Jedno z największych
hollywoodzkich rozczarowań 2016 roku to nie jest wcale „BvS”. Ten tytuł ode
mnie otrzymuje film „Łowca i Królowa lodu”. W kinach za oceanem produkcja
sprzedaje się fatalnie. Może ktoś pójdzie po rozum do głowy i przestanie
wciskać widzom takie gnioty? Warto uczyć się od twórców „Księgi dżungli”, który
nie zwalniają tempa i podbijają kina na w USA i na świecie.
„Łowca i Królowa lodu” to film,
którego budżet sięgnął 115 mln dolarów. Gaże aktorskie, wystawne scenografie i
kostiumy oraz efekty wizualne pochłonęły najwięcej pieniędzy. Na pewno nie
przeznaczono ich na scenariusz, który jest sumą bzdurnych pomysłów tworzonych „na
kolanie”. Dwa tygodnie po premierze m.in. w Polsce, film zadebiutował w USA… i
poniósł porażkę. Wpływy w tym okresie sięgnęły jedynie 20 mln dolarów i chyba
nikt o zdrowych zmysłach nie liczył na sukces („Królewna Śnieżka i Łowcy” na
starcie przyniosła 56,2 mln dolarów, a w sumie w USA 155 mln dolarów i ponad drugie tyle na świecie). A przecież poprzednia część pt. „Królewna
Śnieżka i Łowca” udała się całkiem znośnie i mile jest wspominana. Szkoda
zmarnowanego tematu, wywalonych pieniędzy, dobrych aktorów w tak wielu rolach…
Poza granicami USA „Łowca i Królowa lodu” ugrał do tej pory 80,2 mln dolarów.
Daje to globalnie wynik 100 mln dolarów. Po co oni kombinowali z tą historią,
po co wymyślali tak niefajną historię? Tylko dla Charlize Theron?
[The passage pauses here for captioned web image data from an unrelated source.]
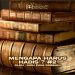 Mengapa Harus Hadis? (#2)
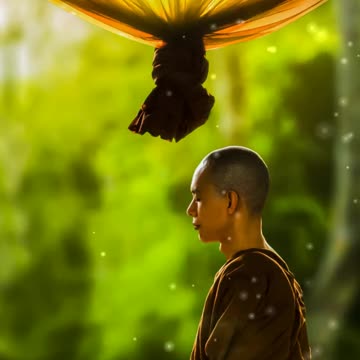 RELAXATION | Relaxing music meditation music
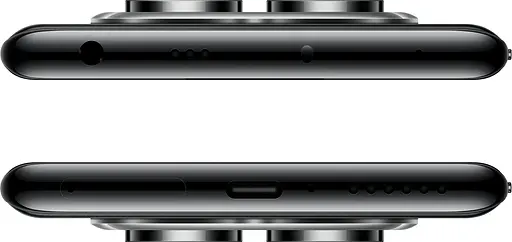 Смартфон Xiaomi Redmi Note 14 Pro 4G 12/512GB Midnight Black Global Version NFC - фото 9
W Polsce film
po drugim weekendzie zgromadził 104 tysiące widzów.
Na pierwszym miejscu po raz drugi
znalazła się fabularno-komputerowa „Księgi dżungli”. Wpływy w USA spadły
jedynie o 41 procent, przynosząc 60,8 mln dolarów i po 10 dniach na koncie
filmu tylko kraju Disneya suma ta wynosi 191,5 mln dolarów. Poza granicami USA
wpływy w ten weekend sięgnęły 95 mln dolarów, w sumie wynoszą już 337 mln
dolarów. Globalnie więc film zgromadził już 528,5 mln dolarów, przy budżecie
sięgającym 175 mln dolarów. Cieszę się z sukcesu fajnego filmu.
W czołówce są jeszcze: „Barbershop:
The Next Cut” (3 lokata), który traci prawie 50 procent wpływów. „Zwierzogród”
(awans z 5 na 4 miejsce), który ciągle trzyma się mocno i traci jedynie 18
procent widzów oraz „Szefowa” (5 miejsce i spadek o 39 procent) i „Batman v
Superman: Świt sprawiedliwości” (6 miejsce i spadek o 39 procent).
W kinach w USA debiutowało kilka
filmów niezależnych. Najwyżej uplasował się film „Compadres” (kontynuacja meksykańskiego przeboju), który zgromadził
1,3 mln dolarów i zajął 9 miejsce. „A Hologram for the King” to wpływy 1,2 mln
dolarów i miejsce 11 (Tom Hanks występuje, Tom Tykwer reżyseruje). Najmocniejszym z nich miał być film „Elvis & Nixon”,
który przyniósł skromne 456 tysięcy dolarów, choć w obsadzie są Kevin Spacey i
Michael Shannon. Było też kilka premier pomniejszych i zagranicznych tytułów.
Mocno stracił „Hardcore Henry”,
który po trzech tygodniach zgubił blisko 80 procent wpływów. W sumie jednak
uzbierał 9 mln dolarów. Producenci z Rosji pewnie się cieszą.